Information supplied Start Marker

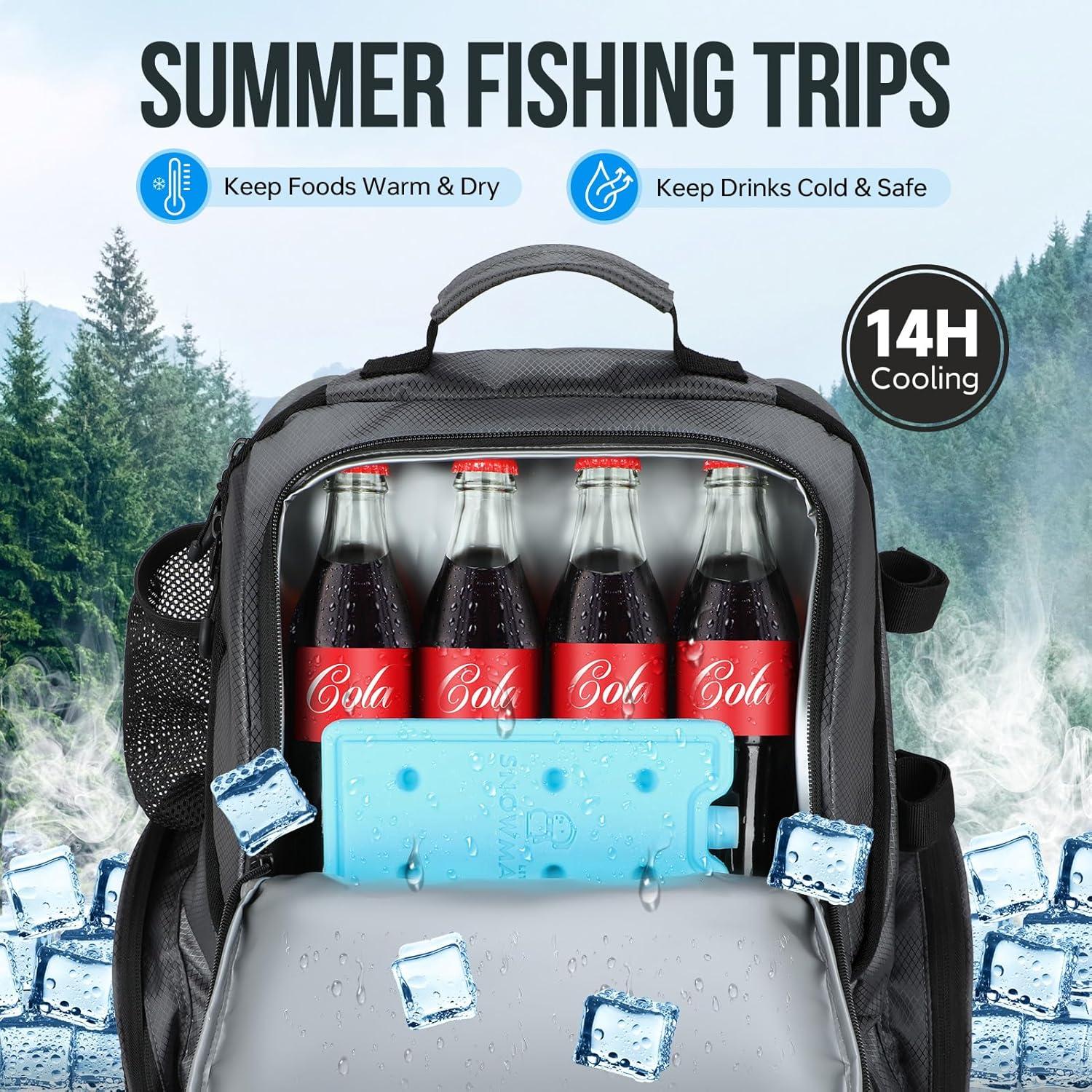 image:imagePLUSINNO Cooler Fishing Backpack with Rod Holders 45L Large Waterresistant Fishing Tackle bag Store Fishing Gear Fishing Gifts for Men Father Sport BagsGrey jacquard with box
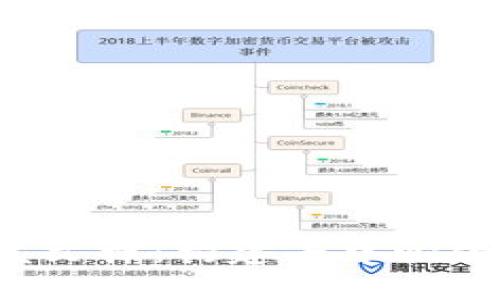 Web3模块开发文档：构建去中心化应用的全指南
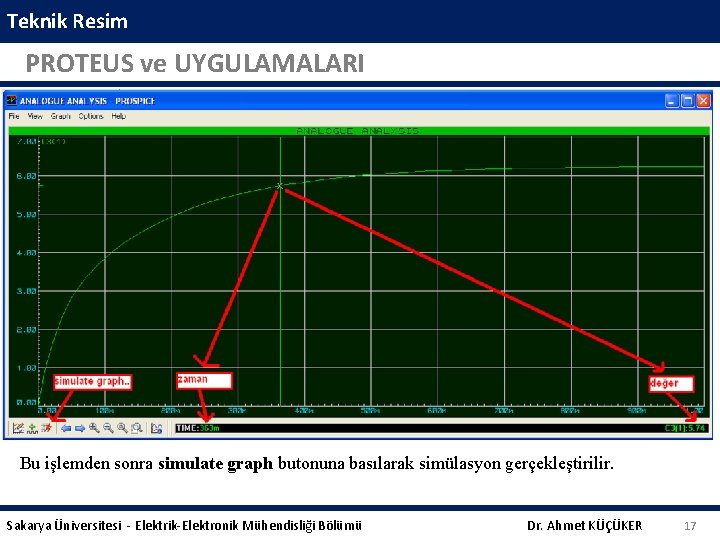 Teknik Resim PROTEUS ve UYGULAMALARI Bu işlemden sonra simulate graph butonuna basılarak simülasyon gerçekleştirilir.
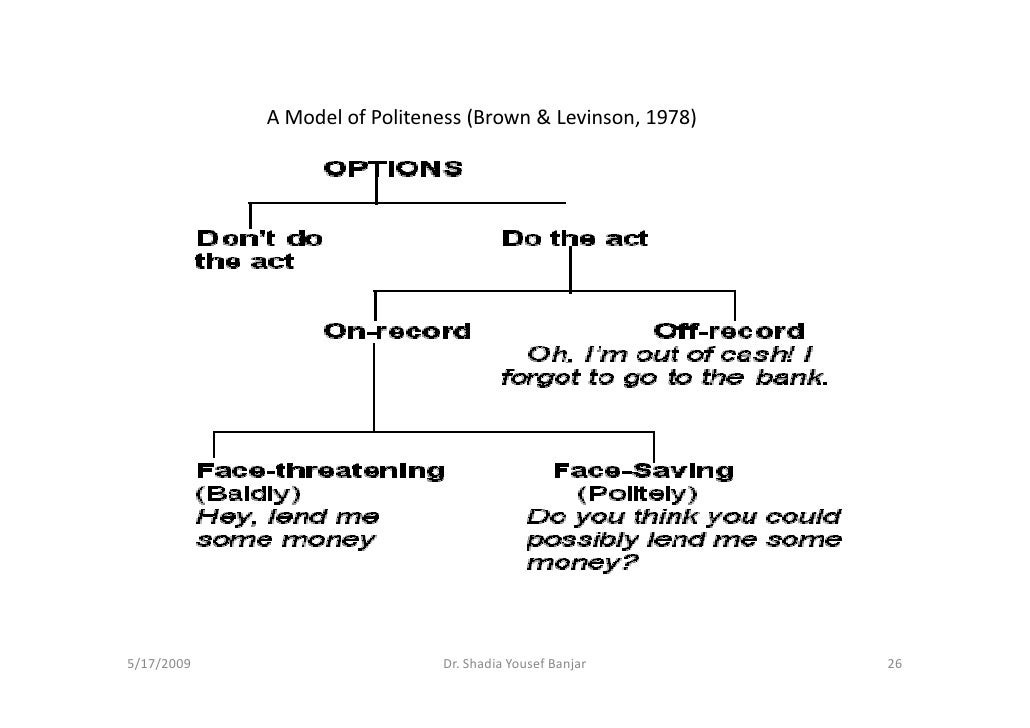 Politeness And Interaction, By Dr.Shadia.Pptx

Information supplied End Marker

- [Work item]:
For this exercise, return the data above exactly and leave every picture out.

- [Result of this task]:
 image:imagePLUSINNO Cooler Fishing Backpack with Rod Holders 45L Large Waterresistant Fishing Tackle bag Store Fishing Gear Fishing Gifts for Men Father Sport BagsGrey jacquard with box
 Web3模块开发文档：构建去中心化应用的全指南
 Teknik Resim PROTEUS ve UYGULAMALARI Bu işlemden sonra simulate graph butonuna basılarak simülasyon gerçekleştirilir.
 Politeness And Interaction, By Dr.Shadia.Pptx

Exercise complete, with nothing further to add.